Zudem vermittelte Pitter während der Vertreibung der Sudetendeutschen Kontakte zwischen den getrennten Familienmitgliedern. Dabei stieß er bald auf Widerstand. Als dann im Februar 1948 die Kommunisten an die Macht kamen, wurden seine Heime verstaatlicht. Dem Wohltäter selbst drohte die Verhaftung.
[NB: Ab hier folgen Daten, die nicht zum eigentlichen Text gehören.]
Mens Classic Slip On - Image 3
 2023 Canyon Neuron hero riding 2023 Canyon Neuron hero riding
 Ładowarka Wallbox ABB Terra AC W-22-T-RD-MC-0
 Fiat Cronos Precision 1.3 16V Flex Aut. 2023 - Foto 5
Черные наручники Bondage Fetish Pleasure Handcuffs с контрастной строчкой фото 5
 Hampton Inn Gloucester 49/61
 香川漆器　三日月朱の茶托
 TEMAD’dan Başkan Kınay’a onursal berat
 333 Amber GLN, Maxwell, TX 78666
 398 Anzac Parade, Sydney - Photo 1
„Anfang der 50er Jahre flüchtete Přemysl Pitter nach Deutschland. Er geriet ins Flüchtlingslager Falka bei Nürnberg, wo er sich ungefähr zehn Jahre lang als Laienpriester um andere Emigranten kümmerte. Er knüpfte auch Kontakte zu den vertriebenen Sudetendeutschen und beteiligte sich an den Diskussionen rund um Schuld und Vegebung. Öfter war die Stimme von Přemysl Pitter auch in den Sendungen von Radio Freies Europa zu hören. Später siedelte er in die Schweiz über, die Heimat seiner langjährigen Mitarbeiterin Olga Fierze, die ihm seit den 20er Jahren an der Seite gestanden hatte. Seine Freunde haben häufig gesagt, ohne Olga Fierze hätte Pitter nur die Hälfte erreichen können.“

Přemysl Pitter starb 1976 in Zürich. Für seine Tätigkeit bekam er zahlreiche Auszeichnungen in verschiedenen Ländern, zum Beispiel die Ehrung des Staates Israel, das Verdienstkreuz erster Klasse der Bundesrepublik Deutschland oder die Ehrendoktorwürde der Universität Zürich. Nur in der kommunistischen Tschechoslowakei wurde über ihn vollständig geschwiegen. Erst nach der Wende begannen Artikel und Bücher über diese außergewöhnliche Persönlichkeit der tschechischen Geschichte zu erscheinen.